Data for review:
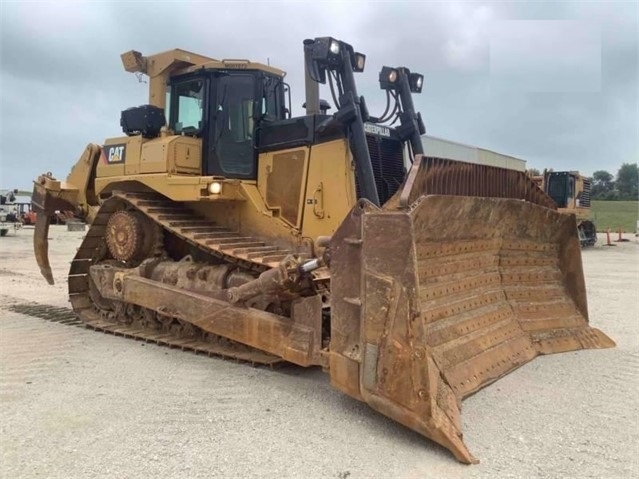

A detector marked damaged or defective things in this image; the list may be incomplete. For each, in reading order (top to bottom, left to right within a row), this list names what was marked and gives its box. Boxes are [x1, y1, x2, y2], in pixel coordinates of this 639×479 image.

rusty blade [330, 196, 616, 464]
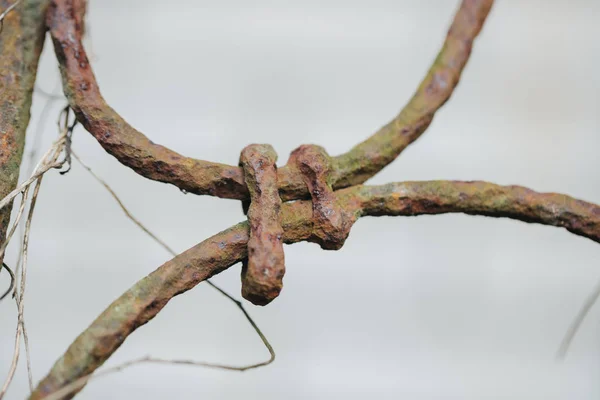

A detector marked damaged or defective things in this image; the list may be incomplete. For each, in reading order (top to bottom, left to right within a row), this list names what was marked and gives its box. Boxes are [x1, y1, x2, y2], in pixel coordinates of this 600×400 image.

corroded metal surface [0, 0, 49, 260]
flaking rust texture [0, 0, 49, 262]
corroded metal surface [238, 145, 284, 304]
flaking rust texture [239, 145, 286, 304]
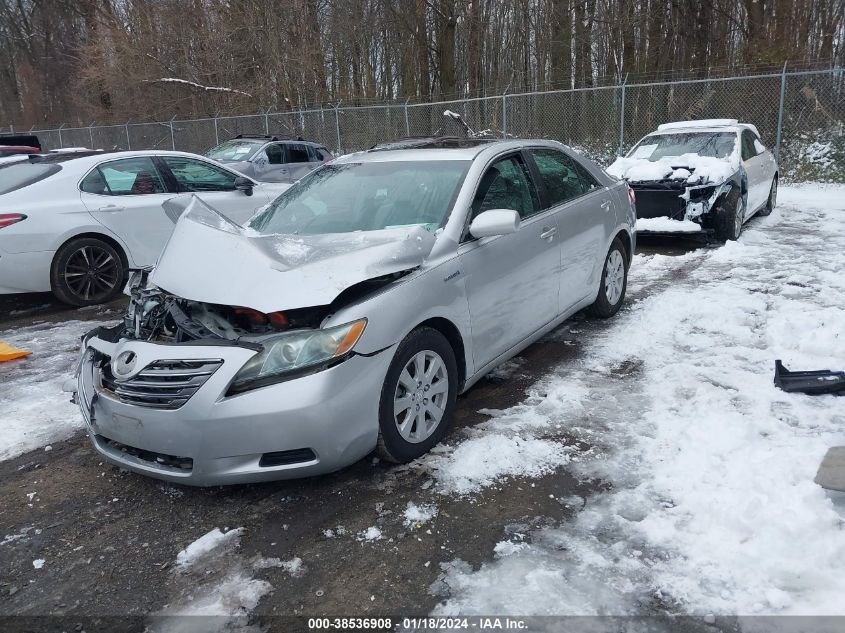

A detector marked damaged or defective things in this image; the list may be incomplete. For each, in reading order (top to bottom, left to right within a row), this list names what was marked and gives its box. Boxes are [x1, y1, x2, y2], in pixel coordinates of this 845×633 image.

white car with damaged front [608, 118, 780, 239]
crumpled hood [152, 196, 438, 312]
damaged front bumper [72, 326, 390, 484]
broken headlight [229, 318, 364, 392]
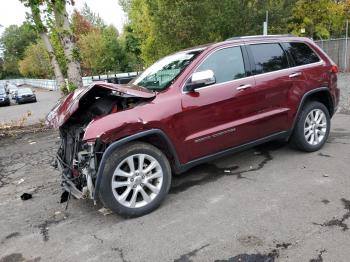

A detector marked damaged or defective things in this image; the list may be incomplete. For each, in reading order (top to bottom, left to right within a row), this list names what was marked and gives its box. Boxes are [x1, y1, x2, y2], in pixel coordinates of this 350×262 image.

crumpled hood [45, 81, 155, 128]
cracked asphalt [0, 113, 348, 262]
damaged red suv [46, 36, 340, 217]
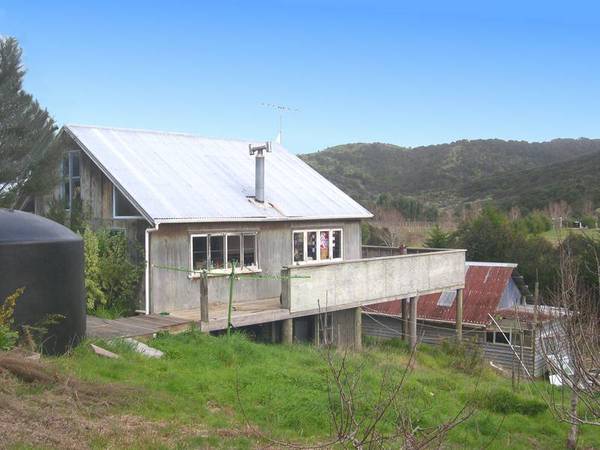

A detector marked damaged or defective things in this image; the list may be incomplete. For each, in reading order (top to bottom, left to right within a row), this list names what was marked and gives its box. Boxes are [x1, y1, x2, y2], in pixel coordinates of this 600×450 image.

...

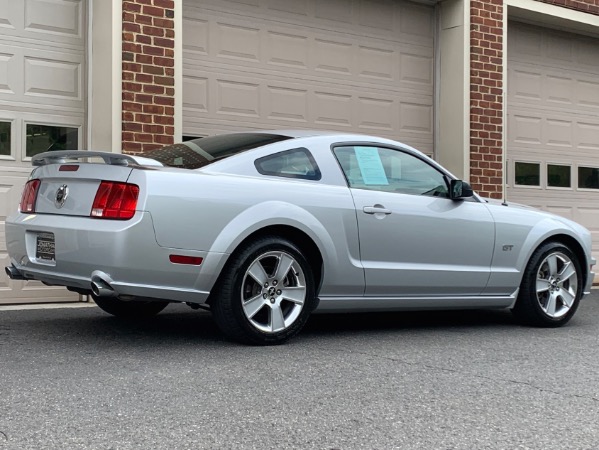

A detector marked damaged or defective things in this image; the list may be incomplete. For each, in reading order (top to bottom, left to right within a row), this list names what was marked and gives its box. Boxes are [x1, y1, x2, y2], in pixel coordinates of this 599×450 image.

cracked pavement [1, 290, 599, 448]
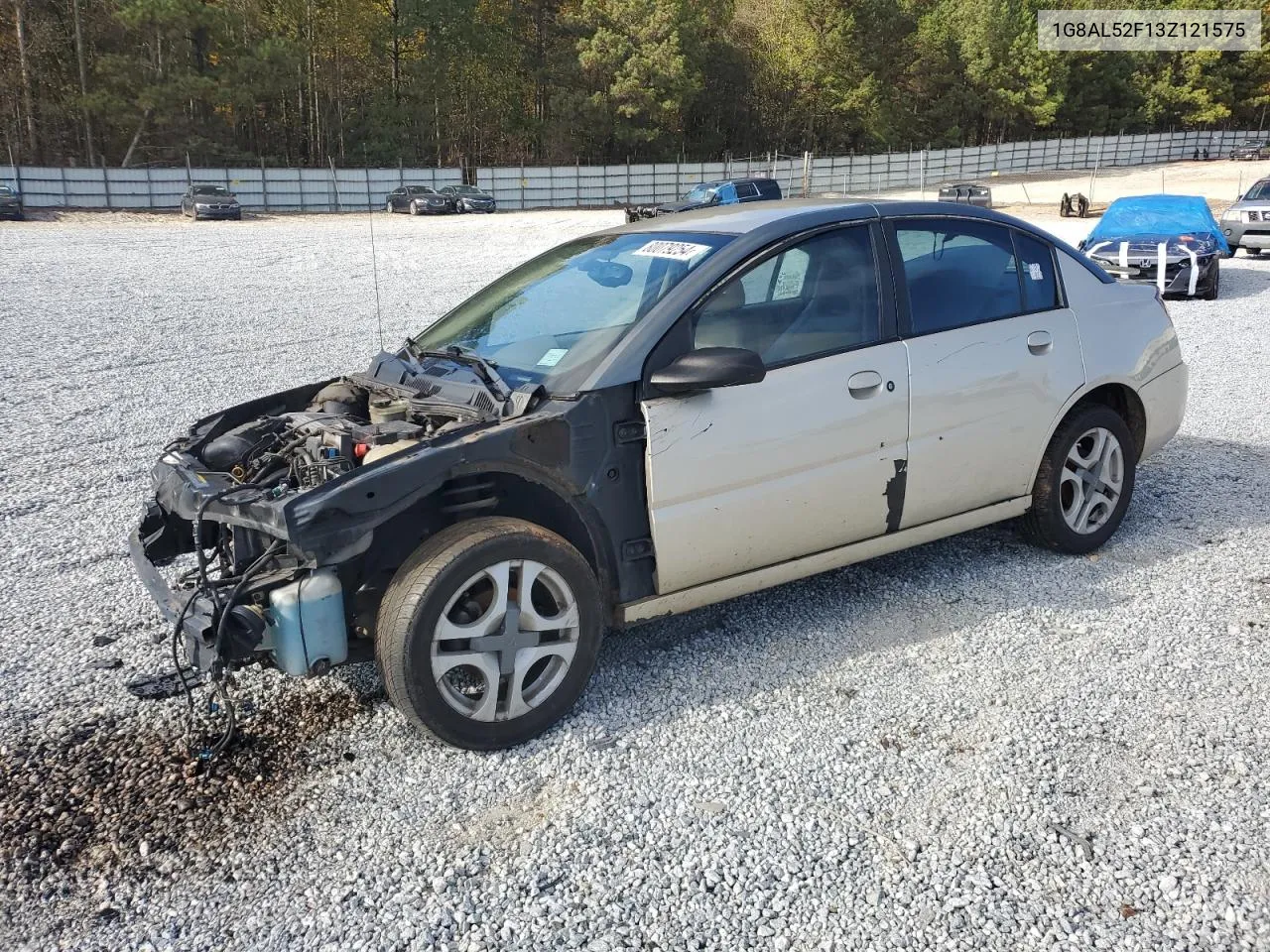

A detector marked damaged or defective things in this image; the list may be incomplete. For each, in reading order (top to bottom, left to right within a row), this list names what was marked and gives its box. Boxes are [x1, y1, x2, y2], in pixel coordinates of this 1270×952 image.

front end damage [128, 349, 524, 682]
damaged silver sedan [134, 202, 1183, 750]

---

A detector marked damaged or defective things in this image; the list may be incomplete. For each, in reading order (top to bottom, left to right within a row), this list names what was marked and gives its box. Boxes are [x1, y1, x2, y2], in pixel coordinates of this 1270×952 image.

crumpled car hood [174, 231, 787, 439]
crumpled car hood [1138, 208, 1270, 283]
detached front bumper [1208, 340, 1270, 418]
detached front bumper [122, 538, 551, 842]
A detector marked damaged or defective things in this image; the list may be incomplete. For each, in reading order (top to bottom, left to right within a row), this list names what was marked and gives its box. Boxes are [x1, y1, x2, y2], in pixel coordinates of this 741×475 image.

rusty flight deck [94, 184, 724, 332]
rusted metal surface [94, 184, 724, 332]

Instructions to follow: Between and including the line above that contains "this 845×633 image." and the line that contains "this 600×450 image.", restate every line word for word. Pictures stay out.

Your response:
A detector marked damaged or defective things in this image; the list may be incomplete. For each, in reading order (top to bottom, left to right within a row), this list names what was marked and gives its box. Boxes are [x1, y1, x2, y2], in pixel coordinates of this 845×633 image.

white car with damaged front [608, 118, 780, 239]
crumpled hood [152, 196, 438, 312]
damaged front bumper [72, 326, 390, 484]
broken headlight [229, 318, 364, 392]

A detector marked damaged or defective things in this image; the list may be incomplete. For each, in reading order (top to bottom, left to right within a row), this list names what was marked and gives its box. Boxes are [x1, y1, x2, y2], in pixel coordinates of this 350×262 image.

crumpled hood [45, 81, 155, 128]
cracked asphalt [0, 113, 348, 262]
damaged red suv [46, 36, 340, 217]

A detector marked damaged or defective things in this image; the list may be incomplete. For each, in reading order (top to bottom, left to right within a row), this list names what was marked and gives its box. Boxes are [x1, y1, x2, y2], in pixel coordinates of this 600×450 image.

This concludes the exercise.